If you're talking about Mijas Pueblo in my opinion, its very pretty, very "Spanish looking" but horrendously touristy, which makes it expensive and busy. Mijas Costa (on the seafront further down the mountain) has a lot of expats and there are one or two on here who live there. Not as pretty, but easier to live day to day. Benalmadena Pueblo is probably better, not as busy, lots of brits. Alhaurin de la Torre is lovely, its a predominantly Spanish town, modern and quite affluent. or then theres Alhaurin el grande, which has more expats, has a more Spanish look, but is struggling in the recession.

You need to go and have a look!

Jo xxx


----------



## mrypg9 (Apr 26, 2008)

Crime is on the rise all along the Costas and is the inevitable concomitant of high levels of joblessness.

Muggings and breakins are common - in any gathering you will find people who have been the victims of property crime.

But.....in many cases they have themselves to blame. That may sound harsh but two examples: a friend carried with her in her handbag not only her credit and debit cards but a slip of paper with their pin numbers and the code/password to access her bank account. So when she casually left her bag on a chair in a crowded cafe and it was stolen, within half an hour her account had been emptied of over 1000 euros.

We took the dog out for a shorter walk than usual as we wanted to watch a football match. We didn't set the alarm, didn't put down the metal shutters, left the keys in the back door. The only thing we didn't do was to leave a note on the gate saying 'Gone out..come in!' We returned to find the thieves in the house - they fled, luckily taking only 170 euros and my IPod .

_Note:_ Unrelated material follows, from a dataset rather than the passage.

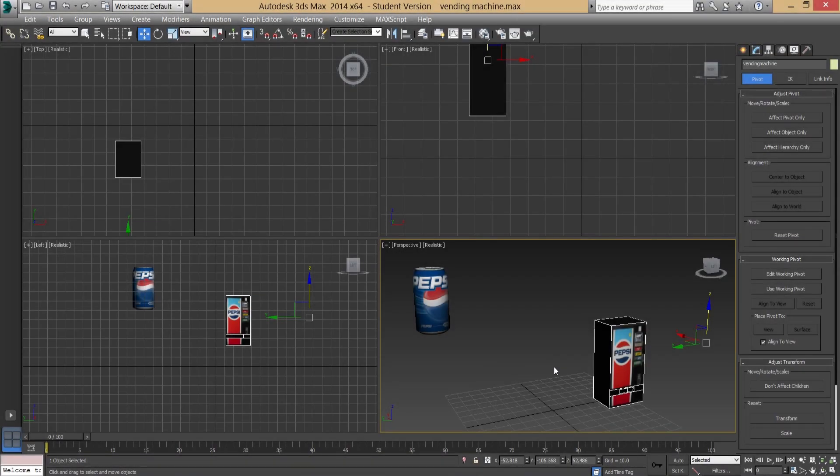Welcome to this 3DS Max to UDK export tutorial. We're going to be using FBX, which is a massive improvement over the old days when we used ASC files and had to target textures individually. This allows us to export 3D models together with their textures.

Many thefts come down to carelessness or sheer stupidity (I think our case comes into that category). Wherever there is a difficult economic situation there will be high levels of crime and sadly Spain is no exception.


----------



## Pesky Wesky (May 10, 2009)

karenangell said:


> Does anyone know if mijas is a nice town to maybe settle intially, and is the crime rate ok there, and what about schools etc, I seem to be put off by nerja which was our original choice, but we have been to mijas a couple of years ago, and it seemed nice, but as for living not sure.
> 
> many thanks


What put you off Nerja, and would Mijas be different in that aspect?


----------



## karenangell (Feb 6, 2011)

Hi 
Well i read on anthor forum, from someone who lived there, that they hated it saying that its quite touristy, and they didnt like the dog poo all over the pavements. HONESTLY! thought that was not a really good reason to completely say you hated somewhere and thats what they said, there are a lot of conflicting opionions about different towns and villages, and i thought that the crime rate was less than the uk in most towns and villages, but from what ive been reading its sounds the opposite.


----------



## jojo (Sep 20, 2007)

karenangell said:


> Hi
> Well i read on anthor forum, from someone who lived there, that they hated it saying that its quite touristy, and they didnt like the dog poo all over the pavements. HONESTLY! thought that was not a really good reason to completely say you hated somewhere and thats what they said, there are a lot of conflicting opionions about different towns and villages, and i thought that the crime rate was less than the uk in most towns and villages, but from what ive been reading its sounds the opposite.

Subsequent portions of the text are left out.